Friday, September 13, 2013
Tis the season
Because we live in a hyper Candid Camera era, where some kind of oddball public prank or flash event may take place at any moment, I go into a state of alert when something eye opening starts unfolding in my Library as if it is just happening "naturally."
And yet all these strange, carnival weirdnesses that take place here actually do seem to be natural, they don't show up on youtube, and they aren't stunts designed to blow our minds. They are just the everyday magical confluences of a varied world.

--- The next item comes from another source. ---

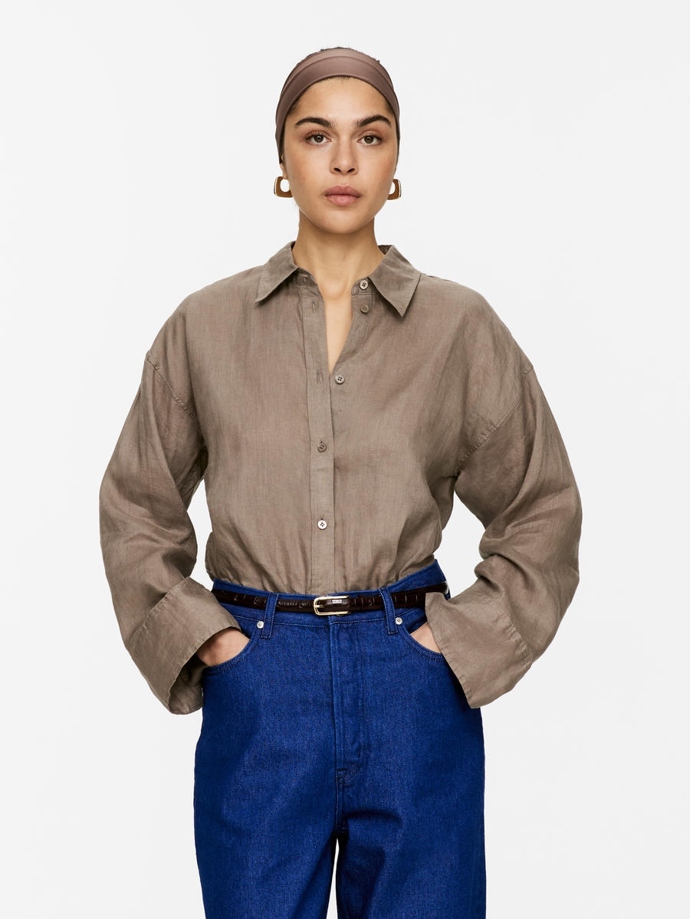 Košile, Arket, 79 eur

And what is it today? You ask.
Upstairs today, less than an hour ago, I was able to count six, yes six full on Santa Clauses! No, not guys in costumes. That kind of thing is small time. There's always some reason for that. These are the real deal, just regular men, going about their business, who happen to fit, in every basic, out of costume particular, the required parameters of Santa. Rotund? Check. Late middle age or older? Check. Full white beard and white hair. Check. Rosy cheeks. Yeah, pretty much. It's a warm day, they had to climb the stairs. Did they all have a twinkle in their eye? Well, no, let's not get carried away, it's a Library here, not a charming story about the North Pole. But the best one had maybe a little twinkle. I don't know. Give them all the suit, a pipe, a few gifted reindeer, and they all would have been perfect enough. As they actually were attired it was more like they were of the funny Santa genre. Santa on vacation in bermuda shorts. Yes, he's up there. Biker Santa. Yes, but he comes here all the time. There was a kind of techno Santa too. Santa nerd I guess, all wired up, packing screens. He seemed to have an antenna coming out of his head. So no classic Santas, but more like they'd all come from magazine advertisement photo shoots as companies put together their Christmas print campaigns. A hip, modern Santa selling Christmas computers, that sort of thing. Of course they were a bit too real to really be that. One guy had water bottles and ziplocked sandwiches strapped to his body, another sported mysterious, overstuffed briefcases. Many had tangled or frayed or unkempt beards. I literally can see one more across the library coming down the stairs. He has suspenders, which is very Santaish, and an army camoflauge shirt, which isn't, and a tan golf hat. Very white hair, long enough, but beard a bit thinner than ideal, and his cheeks could be rosier. I'm gonna throw him back. I can afford to be picky. I've got so many to choose from.